Age (continuous variable) was also clustered into 4 subgroups: 18–40, 40-60, 60-75, and ≥75 years. As for facility-level factors, we included rurality based on metropolitan statistical area (MSA) status and whether the ED is affiliated with an academic institution or community hospital. In addition, the ED encounter during weekends versus weekdays was also analyzed. After converting the aforementioned input variables to indicator variables, a total of 72 variables were included.

2.3. Target Variables (Study Outcomes)

The primary outcomes of interest included LoS among syncope patients and death in ED or during inpatient hospitalization. We categorized LoS into short stay (negative class) and extended stay (positive class). Five models considering different short/long separation cutoffs of LoS were created. Short versus extended stay models were ≤0 days (indicating ED discharge without hospitalization) versus >0 days, ≤24 h versus >24 h, ≤48 h versus >48 h, ≤4 days versus >4 days, and ≤7 days versus > 7 days. In-hospital mortality was considered a competing outcome for hospital LoS and it was categorized as extended stay.

2.4. Statistical Analysis

First, we reported the descriptive statistics for the syncope cohort between 2016–2019. Then, we introduced the study sample into an ANN algorithm to develop and validate the outcome of death or extended LoS using the input variables described above. Metrics reported include prediction performance precision, recall, F1 score, and accuracy for each of the models built. Receiver-operating characteristics (ROC) and the area under the ROC curve (AUC) were evaluated and plotted.

Consider a task of predicting “short” LoS. The metrics used to evaluate the predictive performance of trained classifiers are defined as follows. True positive (TP) decisions reflect correct predictions (e.g., a patient whose LoS was predicted as “short” and was indeed discharged earlier than the LoS cutoff). True negative (TN) decisions also represent correct predictions (e.g., a patient whose LoS was predicted as “long” and was indeed discharged later than the LoS cutoff). False positive (FP) and false negative (FN) predictions are defined accordingly (e.g., a false positive decision reflects a “short” LoS prediction for a patient who was discharged later than the LoS cutoff).

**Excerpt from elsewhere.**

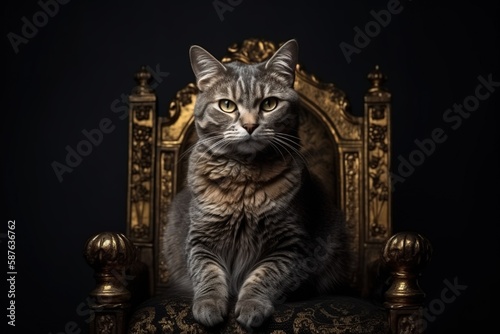 Domestic cat on the throne, royal animal king. Generative AI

Precision (or positive predictive value) is the ratio of the number of correct TP decisions and the sum of TP + TN decisions (Precision = TP/(TP + FP). Recall (or sensitivity) is the ratio of the number of correct TP decisions and the sum of TP + FN decisions (Recall = TP/(TP + FN). F1 score is a mean of Precision and Recall, calculated as F1 = 2TP/(2TP + FP + FN), to reflect both the precision and recall in a single combined performance metric. Accuracy is a ratio of the number of all correct decisions vs. the number of all decisions (Accuracy = (TP + TN)/(TP + TN + FP + FN). Finally, a receiver operating characteristic (ROC) curve is a graphical plot that illustrates the diagnostic ability of a binary classifier system as its discrimination threshold is varied. The ROC curve is created by plotting the Recall against the rate of FP decisions (probability of false decision or 1-specificity) at various operating threshold settings. The closer the area under the ROC curve is to one (AUC = 1), the better classifier performance is observed for the assessed prediction (decision-making) system.

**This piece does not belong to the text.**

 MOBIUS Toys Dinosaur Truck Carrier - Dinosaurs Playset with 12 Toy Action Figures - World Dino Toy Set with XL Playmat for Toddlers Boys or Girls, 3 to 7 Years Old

Patient demographics, ECI, and hospital demographics were stratified by the calendar year and compared using the Pearson chi-squared test after accounting for the complex survey design of NEDS. As per the HCUP data reporting policy, any variable with n < 10 is not presented. A two-sided p < 0.05 was considered statistically significant. All analyses were performed using IM SPSS Statistics, version 27.0 (IBM Corp, IL, USA), STATA version 16.1 (Stat Corp. LP, TX, USA), and Python 3.8.

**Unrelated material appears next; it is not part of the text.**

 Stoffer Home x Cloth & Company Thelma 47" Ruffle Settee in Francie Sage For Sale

2.5. Data Processing and Machine Learning

ANNs are modeled by mimicking neurons in the brain. In biological systems, the learning happens through adjustments to synaptic connections between the neurons. Similarly, in an ANN model, this happens through updating the weights of the connections between the nodes/neurons. Multilayer perceptron (MLP) networks are feedforward ANNs that contain at least three layers: an input, a hidden, and an output layer. The learning happens through an iterative, supervised mechanism where the information passes through input, hidden, and output layers to predict an outcome. During the subsequent learning epochs, the predicted outcome is compared with the ground truth to determine the ANN’s performance—the prediction error at each epoch. For each next learning approach, the weights between the layers are updated in a back propagation manner to reduce the error in the subsequent iteration. This process is repeated until the error is minimized through this backpropagation optimization process.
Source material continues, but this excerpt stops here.